Task prompt: For every line below, restate it exactly and drop the images.

Collected data:
● ● ● ●

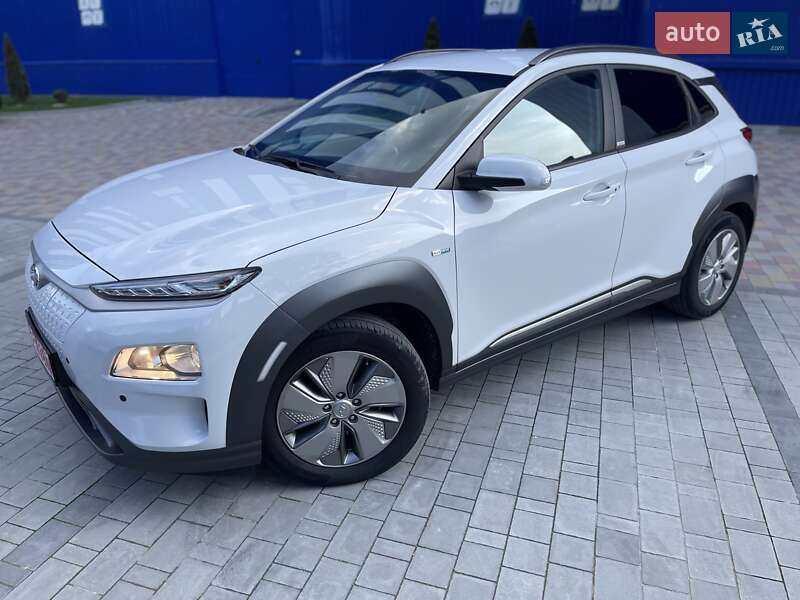 Внедорожник / Кроссовер Hyundai Kona Electric 2020 в 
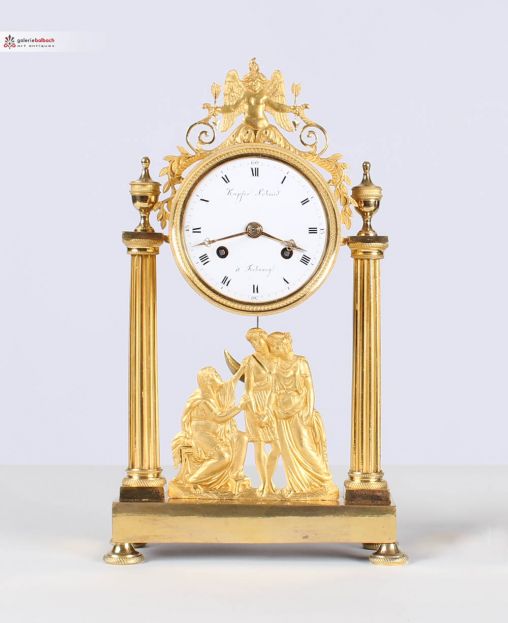 Horloge de table antique, horloge de cheminée vers 1800-1810 - Fribourg
bronze doré, émail
Directoire vers 1800-1810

● ● ● ●

Answer box:
 Внедорожник / Кроссовер Hyundai Kona Electric 2020 в 
 Horloge de table antique, horloge de cheminée vers 1800-1810 - Fribourg
bronze doré, émail
Directoire vers 1800-1810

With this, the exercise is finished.